The temperance movement started, and continued to blossom, in the textile districts of Yorkshire and Lancashire in the distant days of the 19th century, and later swept across the whole of Britain, with the aim of combating alcoholism.

It was in fact alcohol that was one of the greatest problems facing Victorian Britain, due to untaxed, cheap ale and gins that was driving the population (usually the working classes) into drunkenness!

It was a Methodist cheese-maker in Preston, Lancashire, who set about establishing a society under which a pledge was taken, never to drink alcohol. The society quickly grew and expanded beyond churches and became part of the everyday life for the sober British. The temperance bar became the social outlet of the society where they would sing songs about the ‘demon drink’ and enjoy sarsaparilla and ginger beer, in joyful fashion. By the 1880’s, temperance bars graced every high street in the north of England, the most prominent of course being Mr Fitzpatrick’s.
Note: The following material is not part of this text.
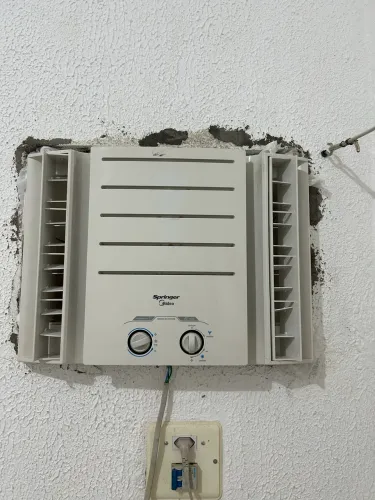 Ar-condicionado de janela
Sadly, fifty years after the movement began, enthusiasm faded for the temperance movement on this side of the Atlantic, following the end of prohibition in the United States. The falling interest, along with a wave of imported, sugary drinks hitting our shores, resulted in the steep decline of the number of temperance bars. Only one Mr Fitzpatrick’s bar survived; the former ‘one too many’ public house (as it was known then) in the Lancashire town of Rawtenstall.